The assistant at the changing room asked if I needed any help. Obviously I declined politely in my best girly voice. I found an empty cubicle, put my handbag on the seat, and took my top off. I could try both dresses on without removing my leggings. I was a little surprised that I felt no anxiety about entering such an exclusively feminine environment alone, but gradually during the day I had felt a Daisy persona forming and taking charge, just as had previously happened with Sarah. It hadn’t worked that way with Auntie Elsie, presumably because I hadn’t been her for as long, and I was terrified of exposure for most of the time.

I tried the denim dress on first and stepped out of the cubicle area to examine myself in the large mirrors. The assistant couldn’t help but try a little sales pitch.

“Good choice, madam,” she said. “It’s a sensible, practical dress, just the thing for everyday wear.”

I smiled and agreed, enjoying the fantasy. Daisy would probably have bought it, if she had actually existed, I thought. I went back in and changed into the second dress. This was much more romantic, the sort of thing one would wear for a night out with the baby’s father.

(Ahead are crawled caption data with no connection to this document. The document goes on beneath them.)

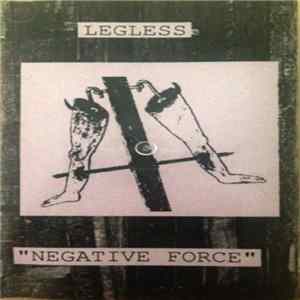 Legless - Negative Force FLAC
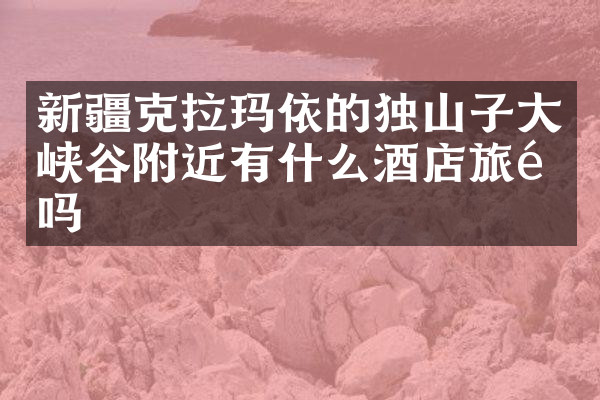 新疆克拉玛依的独山子大峡谷附近有什么酒店旅馆吗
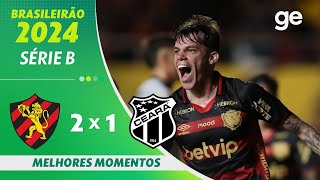 SPORT 2 X 1 CEARÁ  MELHORES MOMENTOS  BRASILEIRÃO SÉRIE B 2024  geglobo [upl. by Atiral]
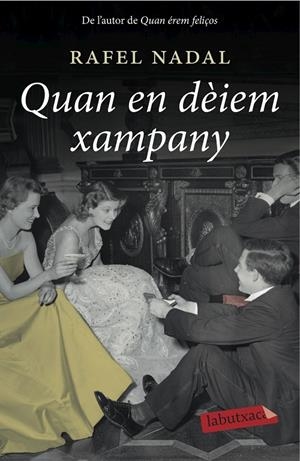 Quan en dèiem xampany | 9788416334117 | Nadal, Rafel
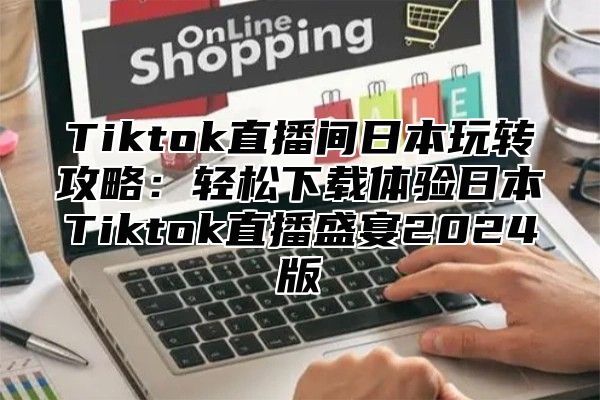 Tiktok直播间日本玩转攻略：轻松下载体验日本Tiktok直播盛宴2025版
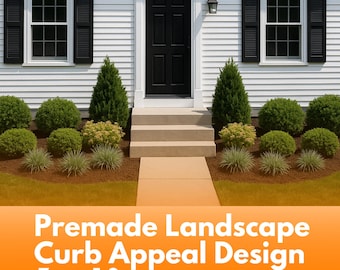 Ready to Use Premade Landscape Front Yard Design, Landscape Zone 5-9, Curb Appeal Landscaping, Foundation Beds, Landscaping Design Download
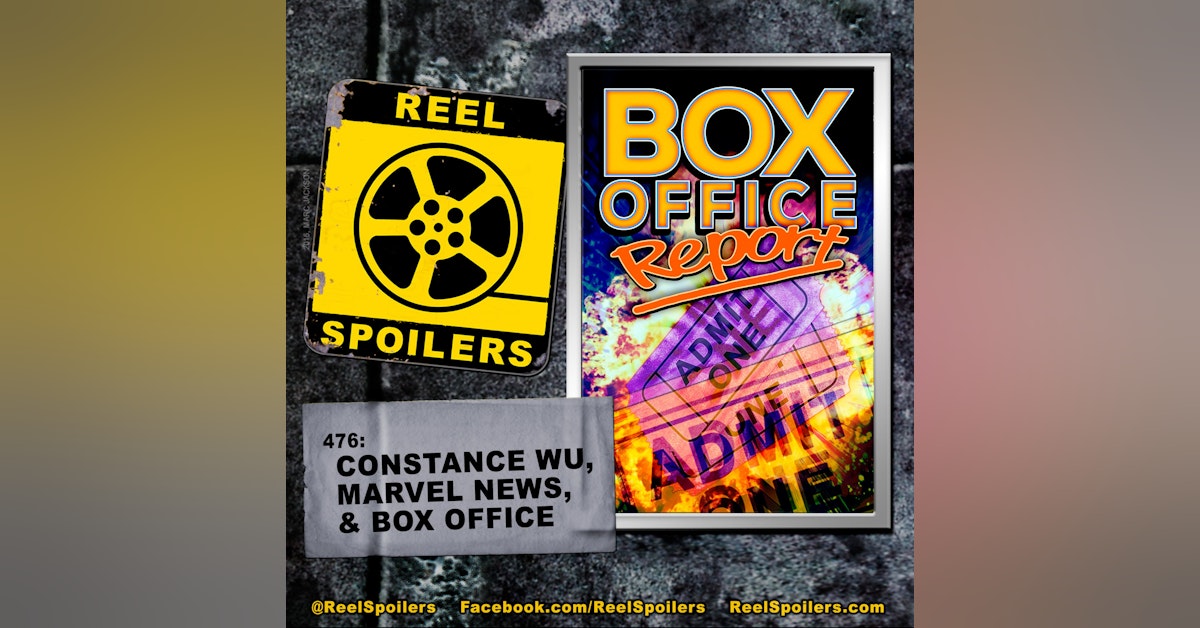 476: 'Constance Wiu, Marvel News, and Box Office'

I didn’t see Josie coming up behind and joining me at the mirrors. She caught me posing in the second dress and twirling wistfully.

“That’s really nice,” she said, “though it doesn’t really go with your grey pants. We need to buy you some tights. But you should definitely get the dress for your show. It’s much more attractive than your black top. How much is it?”

I dropped my voice so that we wouldn’t be overheard.

“I’m not actually going to buy anything, you idiot! I’m not pregnant, or even a woman!”

I felt Daisy bridling at that inside me. Josie carried on as if I hadn’t spoken. She grabbed the label.

“Look, it’s in the sale – it’s only thirty pounds. How did the other one fit?”

“It was fine,” I hissed. “Now can we go?”

“I’ll buy both of them for you,” she said, with a twinkle in her eye, and loudly enough for the assistant to hear. “Because you’ve been such a good girl,” she added, more quietly.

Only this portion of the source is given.